O ministro-revisor também negou que a divergência com Joaquim Barbosa provoque “desgaste” ao Supremo. “Nenhum [desgaste]. Nós que vivemos em um ambiente colegiado, nós estamos acostumados a divergir, a ver nossas posições vencedoras ou perdedoras. Isso faz parte. Nós não levamos nada pessoalmente, nós defendemos teses. Não é a nossa pessoa que está em jogo, o que está em jogo é o destino dos réus no caso da ação penal 470.”
Celeridade no julgamento
Lewandowski afirmou ainda que o STF tentará acelerar o julgamento do mensalão e que ele próprio poderá abreviar seus votos. O ministro demorou duas sessões apenas para apresentar o voto com relação ao item 3 da denúncia, que trata de desvios de recursos no Banco do Brasil e na Câmara dos Deputados.
Revisor e relator ainda precisam apresentar suas posições com relação a outros seis itens. E os demais nove ministros precisam votar sobre todos os temas, o que deve ser iniciado nesta segunda (27).
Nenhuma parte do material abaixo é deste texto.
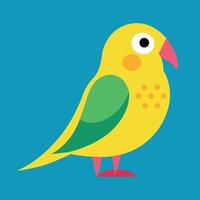 Budgie parrot goes icon illustration vector
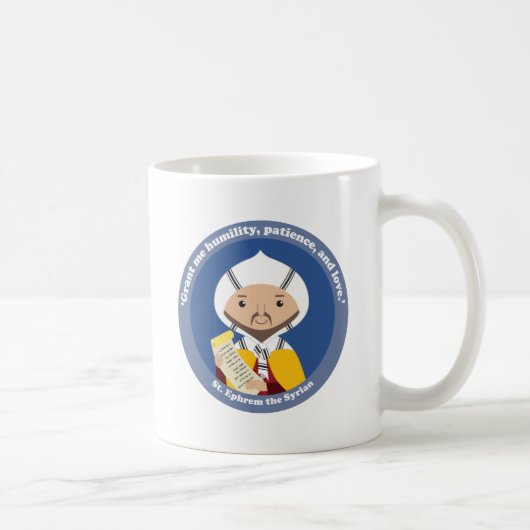 シリアの聖エフォレム コーヒーマグカップ (右)
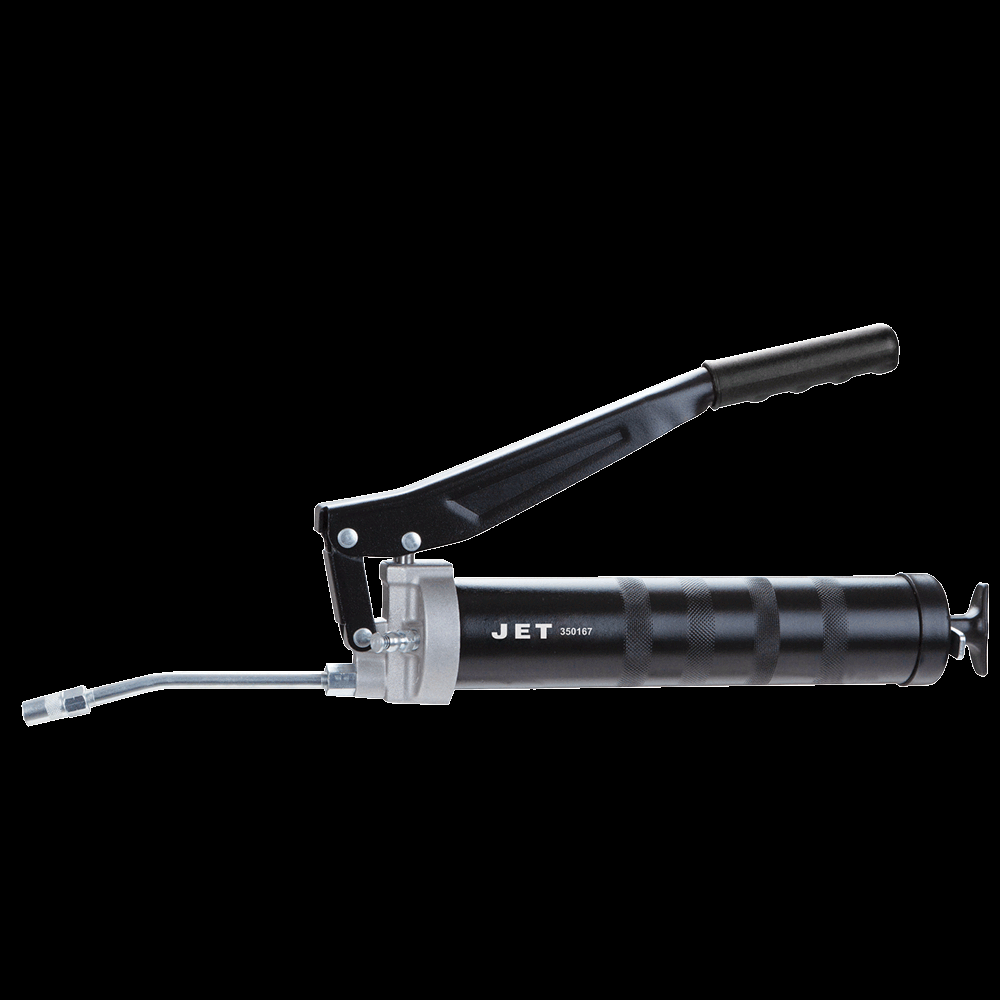 Dual Mode Air Grease Gun with 6&#34; Bent Steel Extension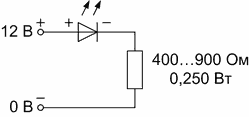 Схема подключения светодиодов к блоку питания компьютера 12 В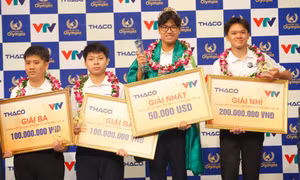Học sinh Hà Nội vô địch Cuộc thi Đường lên đỉnh Olympia năm thứ 25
“Eu tenho certeza de que nós podemos melhorar o nosso processo, nossa metodologia de julgamento, abreviando os votos e, de repente, até distribuindo os votos aos nossos colegas naqueles votos que são mais complexos do ponto de vista técnico. Vamos fazer o possível para que esse processo tenha um curso célere”, disse.
Como Lewandowski votou
O ministro-revisor divergiu do voto do relator, ministro Joaquim Barbosa, que havia votado pela condenação dos quatro. Outros nove ministros do Supremo começam a votar sobre se condenam os absolvem os réus acusados de desvios de recursos públicos – item 3 da denúncia da Procuradoria Geral da República – na semana que vem.
Para Lewandowski, não há provas de que Cunha tenha usado a condição de presidente da Câmara dos Deputados para beneficiar a agência SMP&B, de Marcos Valério. Cunha presidiu a Câmara entre 2003 e 2005 – o escândalo do mensalão foi revelado em 2005. Atualmente, ele exerce o quinto mandato consecutivo de deputado federal pelo PT.
Segundo o ministro, a acusação não “logrou êxito” em comprovar as irregularidades supostamente cometidas pelos réus.
“A verdade processual, que é que surge dos autos, é que João Paulo Cunha recebeu numerário para custear pesquisas eleitorais de interesse de seu partido. Diante dessas provas robustas produzidas, não restou comprovada a prática de nenhum ato de João Paulo Cunha para dar tratamento privilegiado à SPMP&B”, disse Lewandowski.
O revisor afirmou ainda que, em sua avaliação, não houve desvio de dinheiro público.
“Parece-me insuperável a categórica afirmação dos peritos da Polícia Federal no sentido de que os serviços contratados foram prestados e que não foram indicados indícios de terceirização fictícios […] Não há de se falar em desvio de dinheiro público nem crime de peculato”, disse Lewandowski.
João Paulo Cunha (PT-SP) foi acusado pela Procuradoria Geral da República de cometer os crimes de corrupção passiva, peculato e lavagem de dinheiro. Marcos Valério e seus sócios respondem por corrupção ativa e peculato em razão dos desvios na Câmara.